Monday, September 24, 2018

By Richard C. Lewis, IowaNow

Megathrust-Nepal quake visual

University of Iowa researchers are using ground and satellite instruments to construct a detailed map of the region affected by the earthquake that struck Nepal in 2015. This type of earthquake, called a megathrust earthquake, is among the most devastating to occur on Earth, but they’re difficult to study because they mostly occur under oceans. Photo courtesy of Bill Barnhart lab, University of Iowa.

The day after Christmas in 2004, an undersea earthquake occurred near the Indonesian island of Sumatra, triggering 30-foot waves that roiled the Indian Ocean as far as East Africa and killed at least 225,000 people in a dozen countries.

In 2011, an immense underwater earthquake shook Japan, triggering a tsunami that destroyed the Fukushima nuclear reactor and decimated a large swath of the country’s eastern coast.

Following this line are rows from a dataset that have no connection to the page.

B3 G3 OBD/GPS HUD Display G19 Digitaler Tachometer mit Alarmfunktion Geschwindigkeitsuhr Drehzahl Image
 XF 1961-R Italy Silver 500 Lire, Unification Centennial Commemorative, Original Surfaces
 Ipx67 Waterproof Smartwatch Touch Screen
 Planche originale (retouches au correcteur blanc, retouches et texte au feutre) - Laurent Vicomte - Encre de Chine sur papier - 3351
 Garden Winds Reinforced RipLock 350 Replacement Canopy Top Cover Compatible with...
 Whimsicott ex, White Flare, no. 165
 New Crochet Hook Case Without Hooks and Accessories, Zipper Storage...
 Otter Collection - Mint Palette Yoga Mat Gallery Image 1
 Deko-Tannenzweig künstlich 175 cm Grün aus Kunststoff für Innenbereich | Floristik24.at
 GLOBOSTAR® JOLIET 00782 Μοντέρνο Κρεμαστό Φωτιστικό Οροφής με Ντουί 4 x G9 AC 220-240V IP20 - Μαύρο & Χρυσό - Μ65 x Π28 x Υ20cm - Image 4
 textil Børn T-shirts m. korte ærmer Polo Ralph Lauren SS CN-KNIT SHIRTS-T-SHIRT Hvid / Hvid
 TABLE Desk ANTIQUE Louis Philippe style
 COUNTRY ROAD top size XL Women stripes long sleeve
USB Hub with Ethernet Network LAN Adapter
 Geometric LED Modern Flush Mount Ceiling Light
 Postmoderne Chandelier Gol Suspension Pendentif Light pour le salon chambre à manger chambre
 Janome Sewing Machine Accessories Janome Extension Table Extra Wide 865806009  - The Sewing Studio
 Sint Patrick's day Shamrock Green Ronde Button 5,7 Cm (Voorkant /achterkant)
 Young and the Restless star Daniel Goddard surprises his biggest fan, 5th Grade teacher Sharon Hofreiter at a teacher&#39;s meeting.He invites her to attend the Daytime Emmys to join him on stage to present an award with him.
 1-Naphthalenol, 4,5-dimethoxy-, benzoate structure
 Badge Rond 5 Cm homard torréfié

While earthquakes are common, some, like the megathrust quakes off Indonesia and Japan, are particularly devastating.

“On a global scale, they produce the Earth’s largest earthquakes because they occur along the Earth’s largest faults,” says Bill Barnhart, an earthquake specialist at the University of Iowa.

Barnhart is studying megathrust earthquakes by examining the largest one this century that took place entirely on land, the megathrust quake that struck Nepal in 2015. With funding from the U.S. National Science Foundation, Barnhart and his research team, along with collaborators from the University of Colorado Boulder, will use satellite imagery, ground seismometers, and GPS stations to map the Gorkha megathrust quake and gain greater insights into why it occurred.

Researchers seek to answer many questions.

A central issue is to understand subduction zones that trigger megathrust quakes. Subduction occurs where one tectonic plate slides beneath another, causing slippage and scraping that ripples through the Earth’s interior. With the Gorkha earthquake, the Indian and Eurasian continental plates collided, spawning two major temblors that leveled much of Nepal’s capital city, Kathmandu. Those quakes registered 7.8 and 7.3 on the Earthquake Moment Magnitude scale.